To find webpages, we use a link on a browser called an URL (Uniform Resource Locator), such as https://www.brighton.ac.uk, https://www.europeana.eu/en.
URL Paths
Many web servers make use of the full URL path to send information to the server. A URL path usually specifies the location of the file or resource that the user wants to access in the server.
You will find this usually with images, PDF and other multimedia file that a webpage will be including. For example: https://culturedigitalskills.org/wp-content/uploads/Logo-Banner-3-1-1024x244.png
URL Anchors
Furthermore, URLs can contain a link to a specific section within a web page by using anchors. You will notice the use of anchors on a URL, as they include using a # symbol followed by a word. This word is usually defined in the HTML code so that the webpage knows which part the user is looking for.
See these examples:
This is a very simple browser exercise, but it serves to get the student thinking on things which are added to a URL for processing by the web server.
Challenge: Try this example
What is the difference of navigating to these two different URLs?
You will notice that the URL that contains the # symbol in the URL takes you to the specific section with the 17 SDG goals.
URL Query String (or Query Text!)
URLs can become more complex if we want the server which is ‘serving’ our webpage to perform any additional functionality before, during or after loading the webpage.
The ? symbol in a URL is known as URL parameter or query string.
The query string is the portion of text which comes after the ? symbol.
This text will be passed as data to the server.
The server might be running additional code which will process this text and change the content of the webpage accordingly.
For example, in the query
https://www.google.com/search?q=news&as_sitesearch=www.brighton.ac.uk&sort=date:D:S:d1
Note that you have three parameters:
- q: the search query.
- as_sitesearch: limits search results to documents in the specified domain, host or web directory.
- date: Sort results in descending order by date.
If the text or strings contains more than one word, the spaces should be replaced by the + symbol.

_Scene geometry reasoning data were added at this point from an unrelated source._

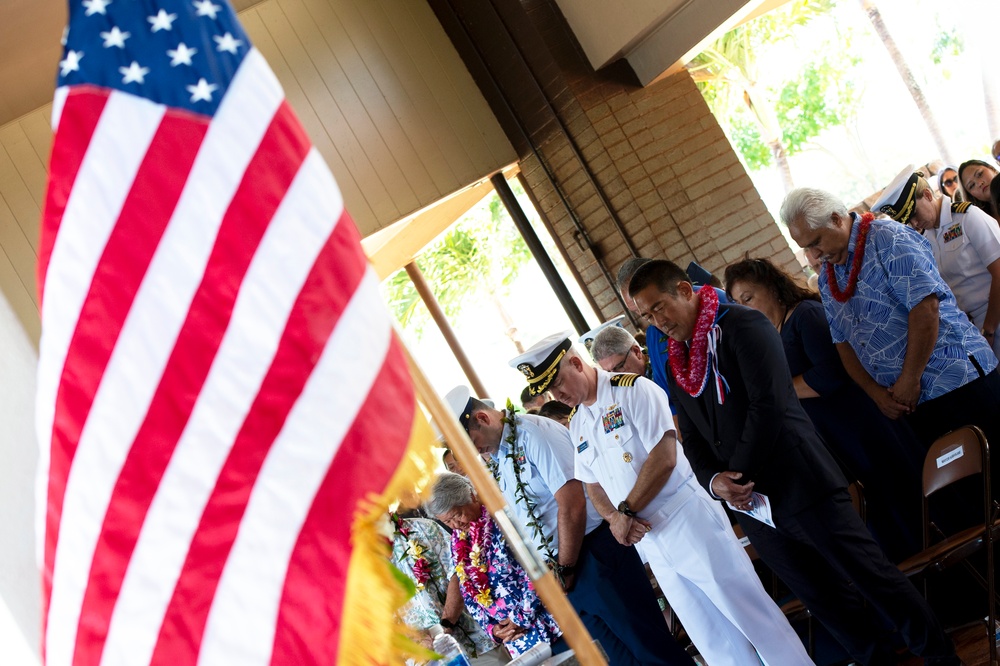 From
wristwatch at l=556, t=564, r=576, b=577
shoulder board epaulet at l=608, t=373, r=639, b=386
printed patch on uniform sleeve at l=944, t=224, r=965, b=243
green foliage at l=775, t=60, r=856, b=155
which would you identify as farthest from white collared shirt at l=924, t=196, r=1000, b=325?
green foliage at l=775, t=60, r=856, b=155

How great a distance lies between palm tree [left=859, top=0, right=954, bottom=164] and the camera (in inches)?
739

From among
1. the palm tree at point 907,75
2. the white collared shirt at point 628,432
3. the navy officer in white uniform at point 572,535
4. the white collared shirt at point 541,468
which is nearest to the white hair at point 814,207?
the white collared shirt at point 628,432

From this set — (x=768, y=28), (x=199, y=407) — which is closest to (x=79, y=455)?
(x=199, y=407)

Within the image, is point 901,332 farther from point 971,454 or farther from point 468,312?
point 468,312

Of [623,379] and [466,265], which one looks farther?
[466,265]

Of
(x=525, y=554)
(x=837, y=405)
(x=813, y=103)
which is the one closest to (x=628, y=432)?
(x=837, y=405)

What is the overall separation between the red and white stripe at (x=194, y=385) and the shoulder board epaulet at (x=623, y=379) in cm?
229

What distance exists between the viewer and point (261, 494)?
6.26 feet

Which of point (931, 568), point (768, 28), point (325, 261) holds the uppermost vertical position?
point (768, 28)

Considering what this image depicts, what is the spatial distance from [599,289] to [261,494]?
18.8 ft

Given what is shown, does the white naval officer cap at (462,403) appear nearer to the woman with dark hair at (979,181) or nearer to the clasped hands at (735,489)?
the clasped hands at (735,489)

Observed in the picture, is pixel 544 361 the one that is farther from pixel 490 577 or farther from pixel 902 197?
pixel 902 197

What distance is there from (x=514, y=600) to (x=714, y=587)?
93 cm

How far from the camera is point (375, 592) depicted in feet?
6.21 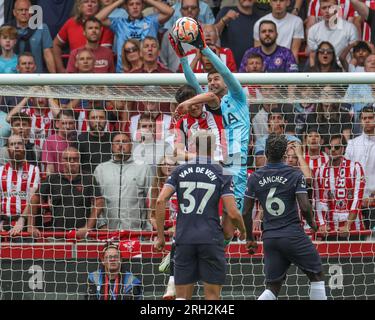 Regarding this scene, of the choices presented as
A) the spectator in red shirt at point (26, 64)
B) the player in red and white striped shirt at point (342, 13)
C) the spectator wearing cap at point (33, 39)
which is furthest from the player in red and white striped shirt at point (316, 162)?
the spectator wearing cap at point (33, 39)

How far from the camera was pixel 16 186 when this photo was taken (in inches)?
504

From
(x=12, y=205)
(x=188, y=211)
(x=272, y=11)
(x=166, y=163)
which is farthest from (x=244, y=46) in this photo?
(x=188, y=211)

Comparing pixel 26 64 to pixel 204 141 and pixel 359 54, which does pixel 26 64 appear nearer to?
pixel 359 54

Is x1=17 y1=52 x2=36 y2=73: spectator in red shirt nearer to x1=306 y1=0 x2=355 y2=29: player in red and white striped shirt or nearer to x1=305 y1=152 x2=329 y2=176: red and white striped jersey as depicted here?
x1=306 y1=0 x2=355 y2=29: player in red and white striped shirt

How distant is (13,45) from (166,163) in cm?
324

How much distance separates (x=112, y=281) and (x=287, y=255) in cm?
245

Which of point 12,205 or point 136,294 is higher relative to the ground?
point 12,205

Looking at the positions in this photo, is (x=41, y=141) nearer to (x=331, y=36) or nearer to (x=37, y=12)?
(x=37, y=12)

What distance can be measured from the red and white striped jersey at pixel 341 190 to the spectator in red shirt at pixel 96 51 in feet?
11.2

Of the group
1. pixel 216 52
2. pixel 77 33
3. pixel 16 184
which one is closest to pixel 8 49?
pixel 77 33

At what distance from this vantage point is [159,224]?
10.0m

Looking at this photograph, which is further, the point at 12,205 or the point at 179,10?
the point at 179,10

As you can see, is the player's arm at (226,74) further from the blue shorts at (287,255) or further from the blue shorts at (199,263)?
the blue shorts at (199,263)

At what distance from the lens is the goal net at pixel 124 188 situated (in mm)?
12289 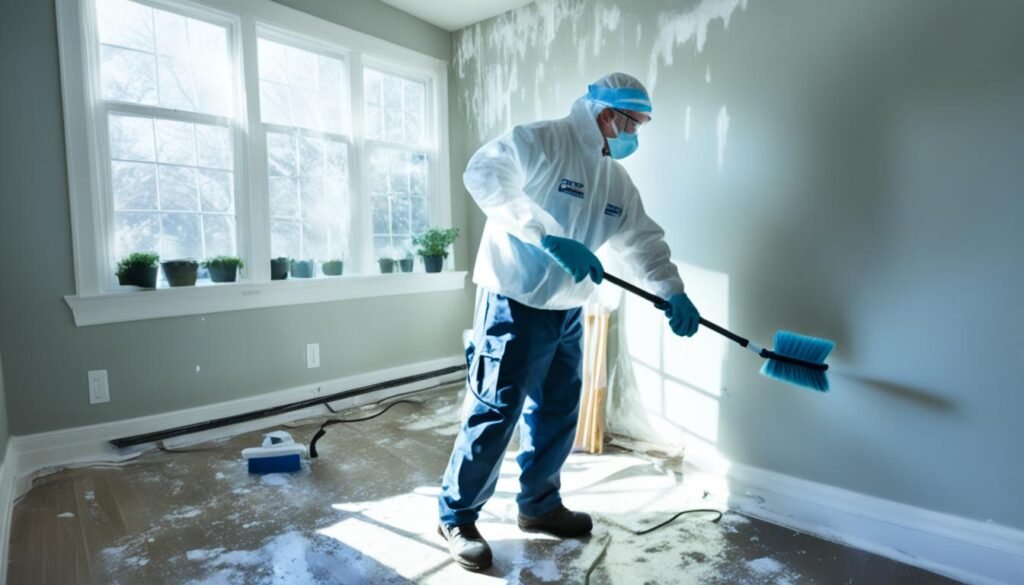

For example:
More information about parameters for search: https://www.google.com/support/enterprise/static/gsa/docs/admin/current/gsa_doc_set/xml_reference/request_format.html
Challenge: Use a query in a URL
Try searching a word in the Europeana homepage.
For example, search for the word: ‘modernism’
Try using the query text in the Europeana URL to search for the word modernism:
https://www.europeana.eu/en/search?page=1&view=grid&query=modernism
Now, try changing directly the search term to the URL to a phrase.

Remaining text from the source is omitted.